It wasn’t until I decided to see a doctor about my eye that I discovered the error of communication that paused my career as an artist for 23 years. It was fine – I could go ahead and paint, no damage would be done. And what the doctor had probably meant was that I should stop painting for a few months while the eye healed, not for the rest of my life. I felt for a long time I’d been robbed of those years, but now I don’t.
I gained a lot of experience in that time, too.

What’s the story behind your new book: How Art Happens?

It’s an 80-page book on the theory of art, something I’ve been thinking about for years.
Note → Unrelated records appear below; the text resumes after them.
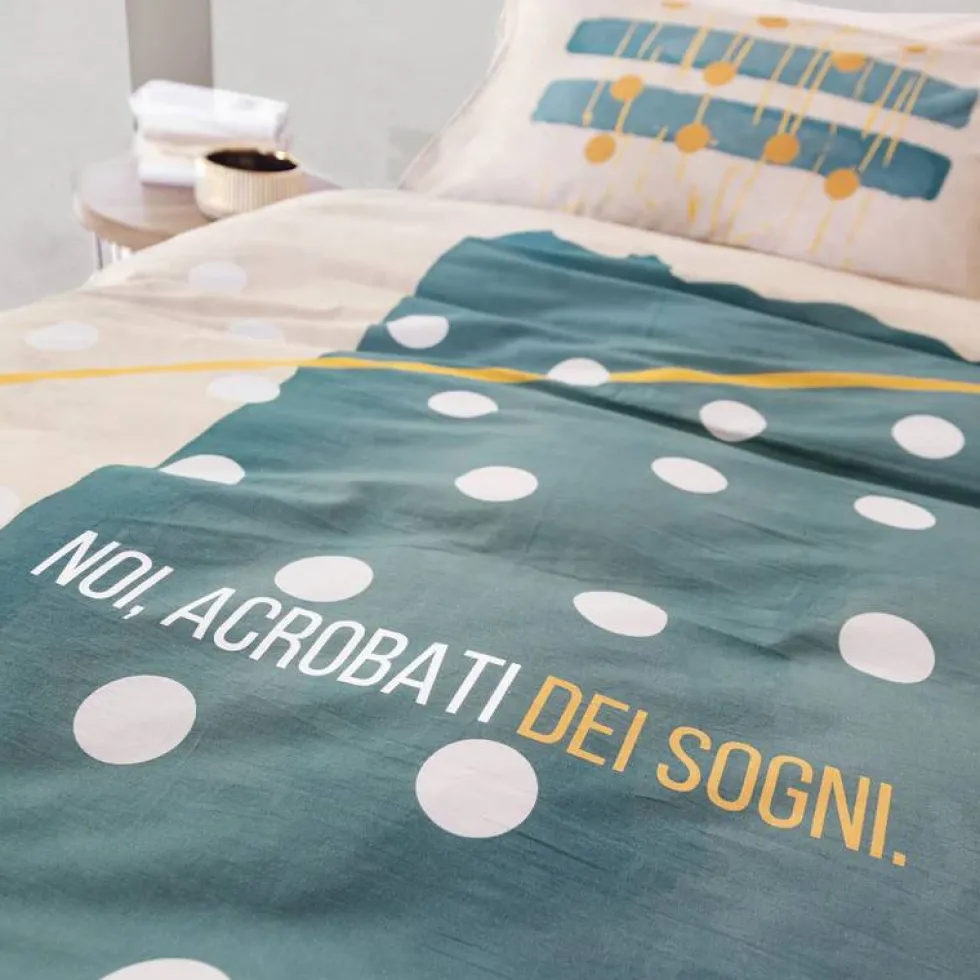 Copripiumino matrimoniale con federe in cotone Noi Acrobati dei Sogni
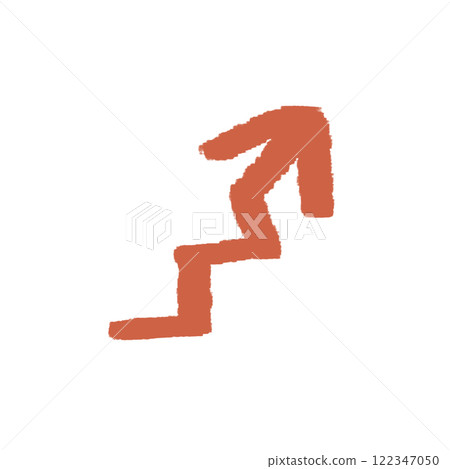 Hand-drawn line drawing illustration of a red zigzag arrow Hand-drawn line drawing illustration of a red zigzag arrow 122347050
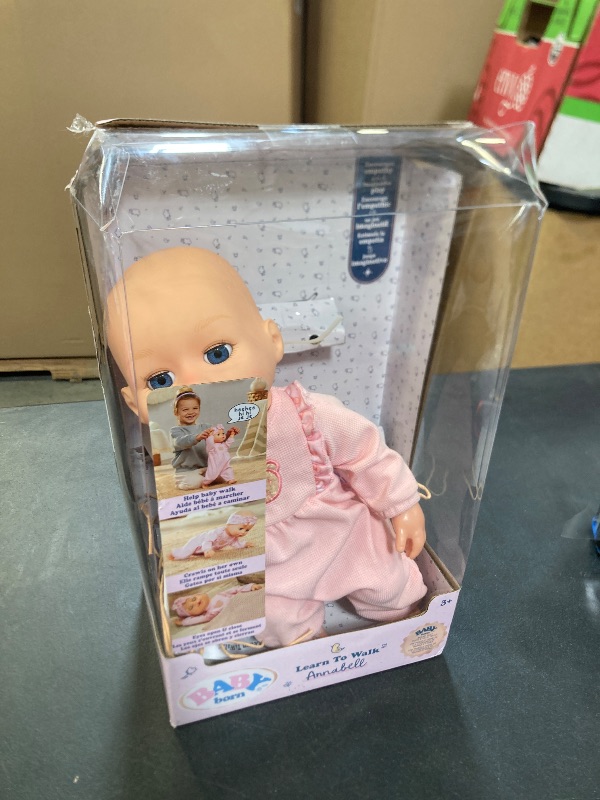 Photo 1 of Baby Born Learn to Walk Baby Doll Annabell - Blue Eyes: Realistic Features for Kids Ages 3+, Walks, Crawls, Sits & Kicks, Eyes Open & Close, Multiple Sound Effects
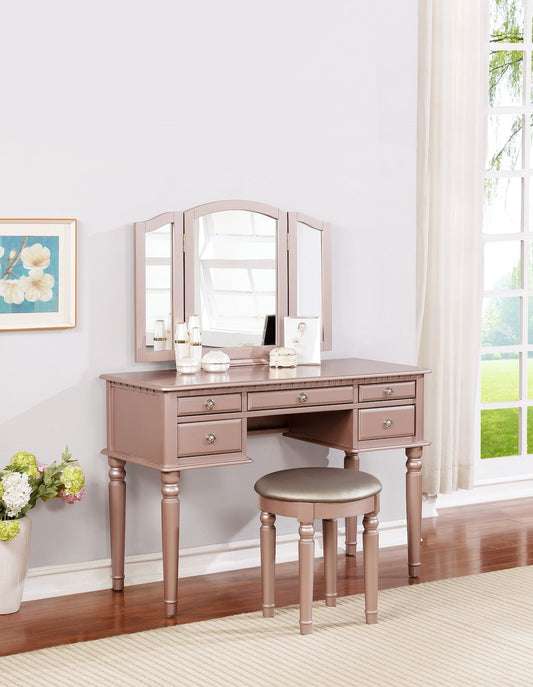 Allison Contemporary Vanity with Tri-Fold Mirror & Stool - Rose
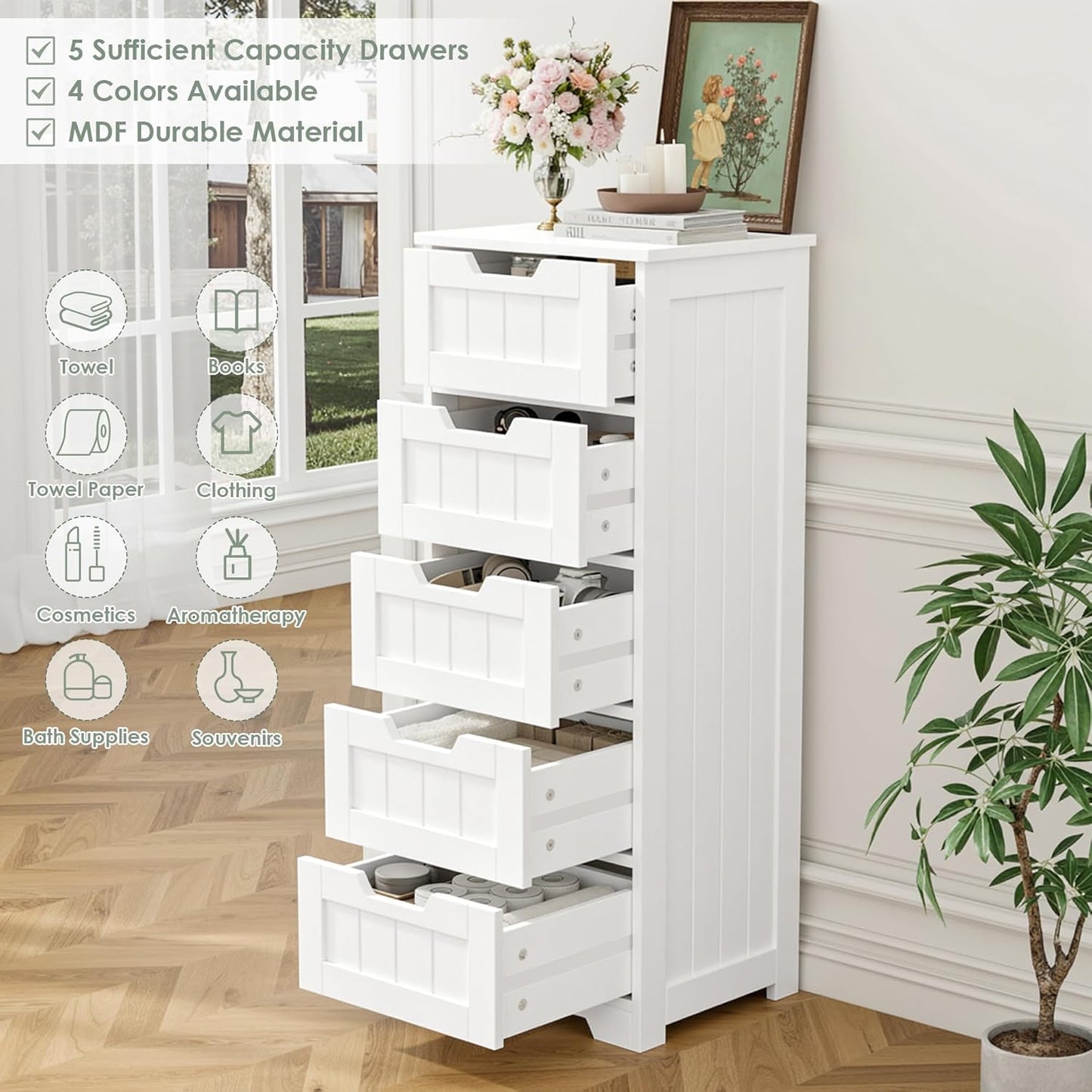 FOTOSOK Bathroom Cabinet, Bathroom Storage Cabinet with 5 Drawers, Wooden Storage Cabinets with Cut-Out Handles, 11.8” x 15.7” x 40.1” Bathrooms Floor Cabinets for Hallway/Living Room, White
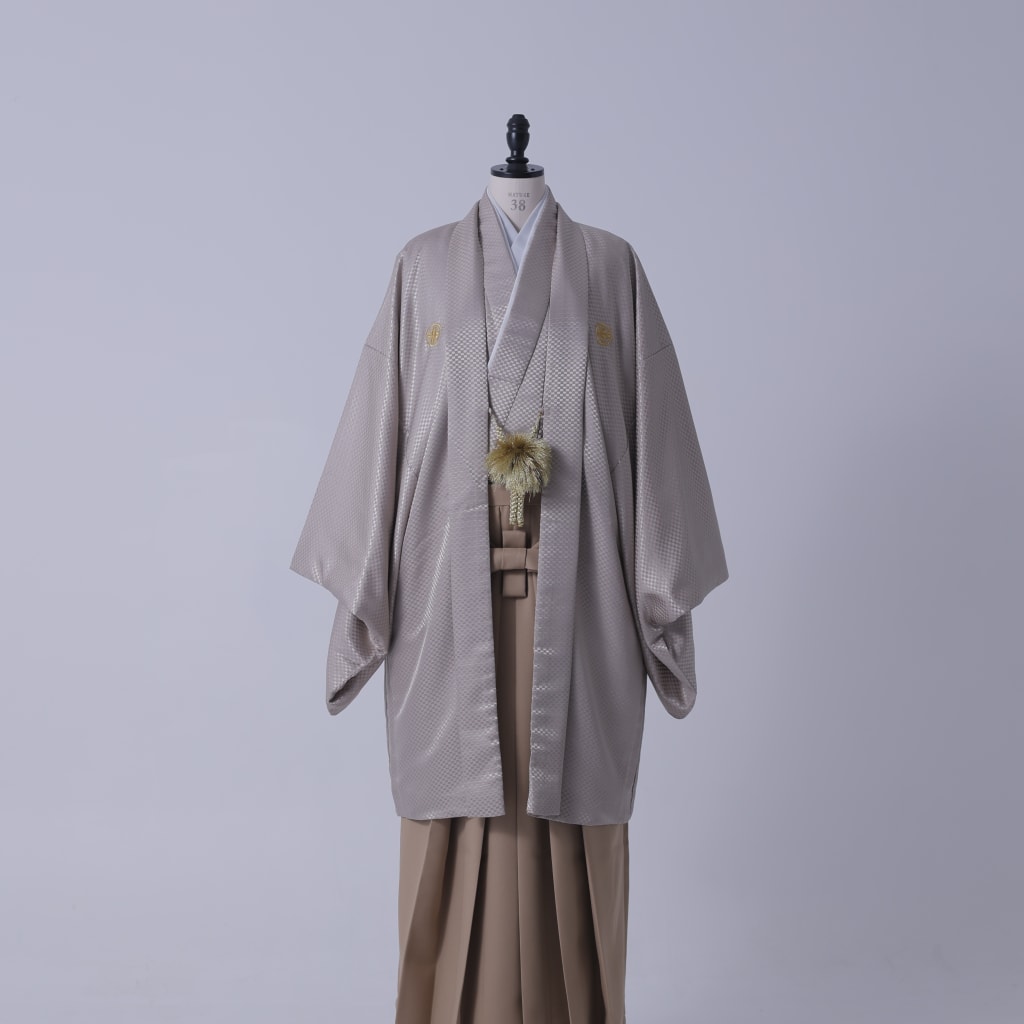 ベージュ×ブラウン袴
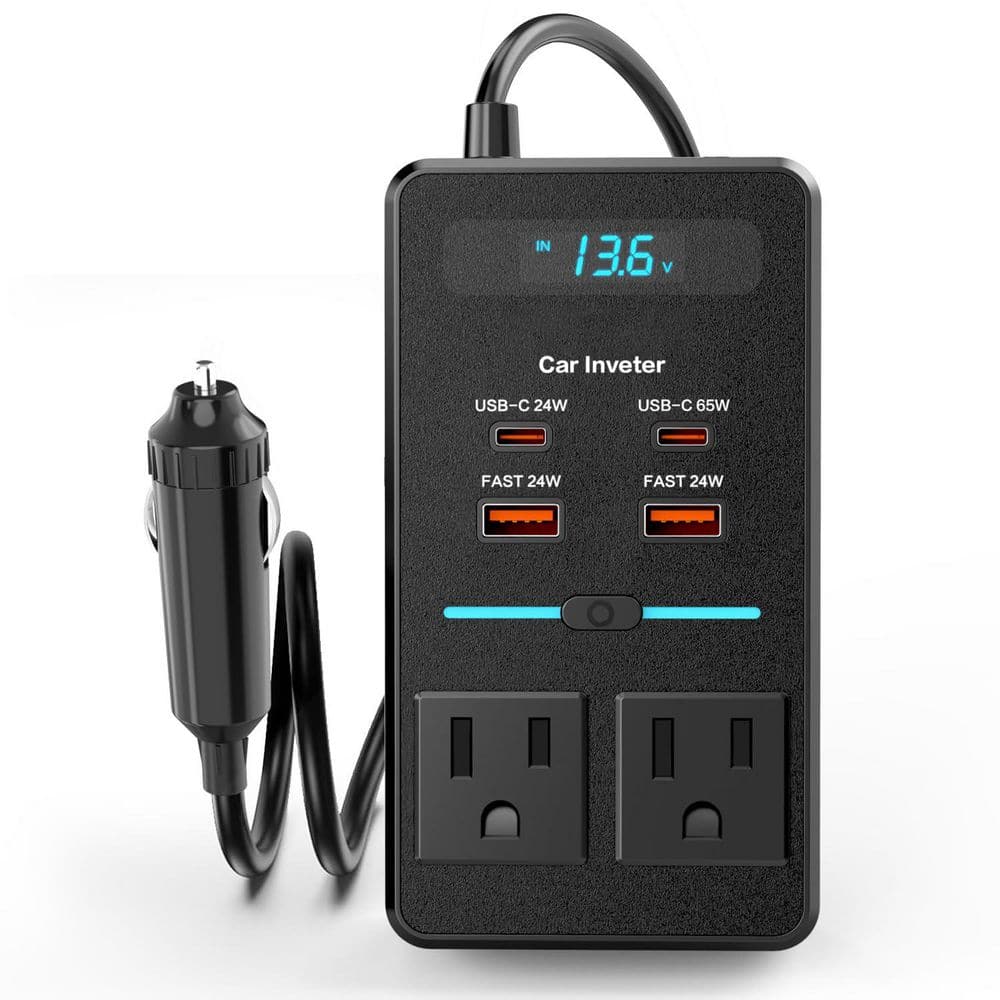 300-Watt Car Power Inverter with LCD Display, 65W USB-C Fast Charging, 24 USB-C and 3.0 USB-A Ports Compact and Portable price history on PriceWatchPro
It stems from my experience as a psychologist and my interest in how images are translated onto paper. Artists work intuitively, but it’s possible to turn-on that intuitive part of your brain on request. It’s done through ‘creative dreaming’, a state of mind similar to that between wake and sleep, the most creative state of all. It’s like carrying around a mental sketchbook, pencil and eraser, and imagining an image appear on paper, making changes to the bits you’re not happy with. The picture you’re left with is the image that makes a work of art. The state of creative dreaming is similar to that we fall into when we are doing something automatically, like driving,. It’s much more common in children than adults. There have been many studies, including those by a professor – Semir Zeki – which show there’s a part of the brain (called the orbito frontal cortex) that is activated by beauty. I’ve discussed the subject at length with experts on neuro-science.

Where do you find inspiration?

I have never had to wonder what to paint. For me, the beauty that inspires my creative state is mostly in landscapes. 90% of my work is landscapes, with 50/50 West Wales and the south coast, from Hastings to Cornwall. Some people paint from their imagination or memory, but I need a percept – a visual image – as a starting part. Even an abstract begins with an image, which means it’s not really an abstract because I leave things out and enhance what’s left, so it’s a distillation. I liken it to a Mohican haircut: it’s not the hair that remains that makes it a Mohican, it’s the fact the rest is taken away.

Josh Reynolds in his Studio

Self Portrait, abstract

 

Stan Rosenthal - Pushing the Boat Out

Pushing the Boat Out

 

Collage - The Stade

Collage: The Stade

 

Do painting and writing go together?

Yes, I enjoy both. I tend to paint during the day, then I’m up until 2 or 3am writing. While I’m painting, I’m always aware of what’s happening in my brain.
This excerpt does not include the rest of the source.